The Commit partnership, an education philanthropy that works in Dallas schools, released its annual scorecard on Tuesday night, with hard numbers about how students in the region are faring. The data cover pre-kindergarten through college graduation, and show a mixed progress report.
The Commit executive director Todd Williams led off the presentation of this year’s numbers with graphs and stats showing that students are doing better in math and science in fourth and eighth grade, and worse at being ready for college and staying in college.
“We’re not here to admire the size of the problem,” he said, but rather focus on creating a sense of urgency in focusing on the most glaring gaps.
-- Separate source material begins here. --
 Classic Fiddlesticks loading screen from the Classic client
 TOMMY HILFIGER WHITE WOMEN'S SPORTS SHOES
He and dozens of others addressed educators and philanthropists at the Dallas City Performance Hall Tuesday night.
When Commit started working in Dallas schools three years ago, their first goal was to measure how students were doing. The poverty and racial inequality in the results has been striking to him and many of the Commit partner philanthropies.
Focus On The Little Ones
This biggest takeaway from the data was in favor of early education.
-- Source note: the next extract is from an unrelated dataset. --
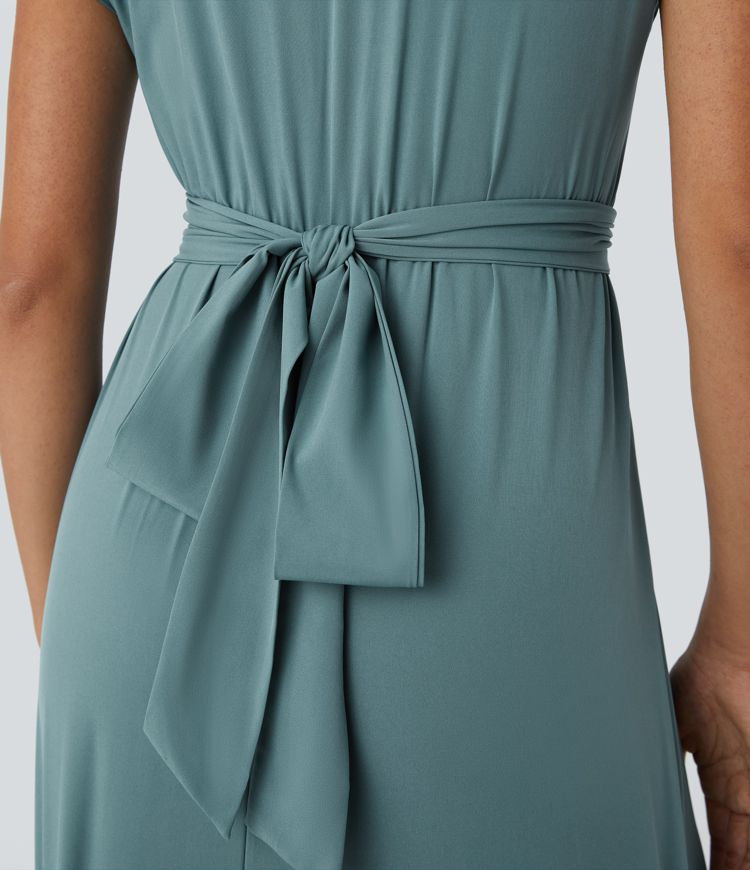 Robe Midi Femme Légère Bleu Clair - vue 5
Susan Hoff, chief strategy and operating officer of the United Way of Metropolitan Dallas, was one of many speakers who called on the Texas state legislature to give every kid a full-day of pre-kindergarten.
“Each dollar that we invest before a child enters kindergarten returns seven times that through better grade progression,” she said, citing the seminal study by Nobel-prize winning economist James Heckman of the returns to early education.
The study found that early childhood education correlated with higher levels of employment, less dependence on state welfare services, and less involvement with the criminal justice system.
When Apathy Is The Enemy
Dallas Mayor Mike Rawlings asked people to simply care more about the city’s kids and schools. Apathy got us to this point, he said.
“We were, in many ways creating a death spiral between the haves and have-nots in this city, for those that didn’t have education," Rawlings said.
The mayor said his motto for the city’s schools is “no excuses, no whining.”